TASK TO COMPLETE: With both ends included, repeat exactly the lines of the entries below from the one containing "We-Vibe Vector Bluetooth" down to the one containing "수피아 | 부천 아이와 함께 가볼만한 데이트코스 부천호수식물원 수피아 후기", and no others.

DATA SHOWN:
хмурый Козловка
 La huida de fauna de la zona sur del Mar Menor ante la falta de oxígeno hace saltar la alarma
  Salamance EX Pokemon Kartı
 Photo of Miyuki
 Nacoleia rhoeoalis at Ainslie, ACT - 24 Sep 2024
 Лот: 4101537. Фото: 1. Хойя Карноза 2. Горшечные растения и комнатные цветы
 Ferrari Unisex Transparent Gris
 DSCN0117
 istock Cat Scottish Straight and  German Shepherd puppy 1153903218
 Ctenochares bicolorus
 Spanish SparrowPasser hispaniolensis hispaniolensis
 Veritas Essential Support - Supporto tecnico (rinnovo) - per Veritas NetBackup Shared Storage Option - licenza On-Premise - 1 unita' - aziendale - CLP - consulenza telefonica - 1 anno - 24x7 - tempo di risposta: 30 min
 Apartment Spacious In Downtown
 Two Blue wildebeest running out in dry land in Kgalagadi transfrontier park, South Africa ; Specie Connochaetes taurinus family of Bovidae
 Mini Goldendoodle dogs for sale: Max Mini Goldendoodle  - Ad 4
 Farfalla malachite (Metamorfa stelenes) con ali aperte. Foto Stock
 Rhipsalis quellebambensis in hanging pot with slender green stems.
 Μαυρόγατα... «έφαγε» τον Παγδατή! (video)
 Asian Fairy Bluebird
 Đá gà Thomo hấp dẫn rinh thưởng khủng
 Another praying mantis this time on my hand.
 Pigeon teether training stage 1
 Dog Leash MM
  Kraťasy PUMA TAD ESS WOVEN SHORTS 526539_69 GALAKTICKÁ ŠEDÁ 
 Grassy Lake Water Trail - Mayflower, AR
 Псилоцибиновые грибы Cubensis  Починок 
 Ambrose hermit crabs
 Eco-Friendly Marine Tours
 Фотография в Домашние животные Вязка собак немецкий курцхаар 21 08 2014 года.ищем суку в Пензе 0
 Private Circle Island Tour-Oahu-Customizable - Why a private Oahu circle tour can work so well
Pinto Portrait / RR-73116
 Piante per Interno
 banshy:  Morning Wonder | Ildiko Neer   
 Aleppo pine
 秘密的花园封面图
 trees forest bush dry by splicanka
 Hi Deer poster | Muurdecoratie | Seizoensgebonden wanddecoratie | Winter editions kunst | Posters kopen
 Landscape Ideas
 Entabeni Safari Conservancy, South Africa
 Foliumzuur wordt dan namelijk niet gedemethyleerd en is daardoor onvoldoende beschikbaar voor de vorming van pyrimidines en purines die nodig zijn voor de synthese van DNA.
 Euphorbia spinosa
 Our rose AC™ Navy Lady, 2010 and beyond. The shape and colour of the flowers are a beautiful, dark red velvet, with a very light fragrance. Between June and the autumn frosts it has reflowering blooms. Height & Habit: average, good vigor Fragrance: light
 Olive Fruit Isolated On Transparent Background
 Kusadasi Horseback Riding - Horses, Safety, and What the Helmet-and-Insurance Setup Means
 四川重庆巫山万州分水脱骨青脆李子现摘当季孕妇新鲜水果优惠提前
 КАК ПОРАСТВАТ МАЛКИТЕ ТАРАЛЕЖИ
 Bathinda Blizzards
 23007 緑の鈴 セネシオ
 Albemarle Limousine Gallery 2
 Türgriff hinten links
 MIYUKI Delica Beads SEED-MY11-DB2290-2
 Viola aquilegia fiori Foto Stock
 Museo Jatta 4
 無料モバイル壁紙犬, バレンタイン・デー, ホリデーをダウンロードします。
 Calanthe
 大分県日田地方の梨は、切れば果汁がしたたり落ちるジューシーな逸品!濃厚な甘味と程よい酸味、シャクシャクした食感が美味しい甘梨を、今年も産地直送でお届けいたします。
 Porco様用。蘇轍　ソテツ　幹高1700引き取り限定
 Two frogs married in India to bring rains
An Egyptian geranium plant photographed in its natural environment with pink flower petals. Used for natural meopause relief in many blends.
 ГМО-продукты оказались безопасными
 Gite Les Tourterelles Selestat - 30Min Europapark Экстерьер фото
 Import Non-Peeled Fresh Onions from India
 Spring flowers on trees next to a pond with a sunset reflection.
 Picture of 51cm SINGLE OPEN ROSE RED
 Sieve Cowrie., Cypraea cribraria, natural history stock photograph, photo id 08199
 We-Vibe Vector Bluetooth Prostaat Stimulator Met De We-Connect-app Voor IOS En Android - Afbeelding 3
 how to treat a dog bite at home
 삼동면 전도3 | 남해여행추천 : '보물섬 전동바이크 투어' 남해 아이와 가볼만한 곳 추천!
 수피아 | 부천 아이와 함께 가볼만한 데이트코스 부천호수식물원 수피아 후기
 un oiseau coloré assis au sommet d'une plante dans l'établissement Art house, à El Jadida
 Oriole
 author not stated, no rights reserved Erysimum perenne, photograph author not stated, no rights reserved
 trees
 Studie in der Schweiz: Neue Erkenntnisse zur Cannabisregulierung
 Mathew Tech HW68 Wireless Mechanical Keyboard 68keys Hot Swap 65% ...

REPLY TO THE TASK:
 We-Vibe Vector Bluetooth Prostaat Stimulator Met De We-Connect-app Voor IOS En Android - Afbeelding 3
 how to treat a dog bite at home
 삼동면 전도3 | 남해여행추천 : '보물섬 전동바이크 투어' 남해 아이와 가볼만한 곳 추천!
 수피아 | 부천 아이와 함께 가볼만한 데이트코스 부천호수식물원 수피아 후기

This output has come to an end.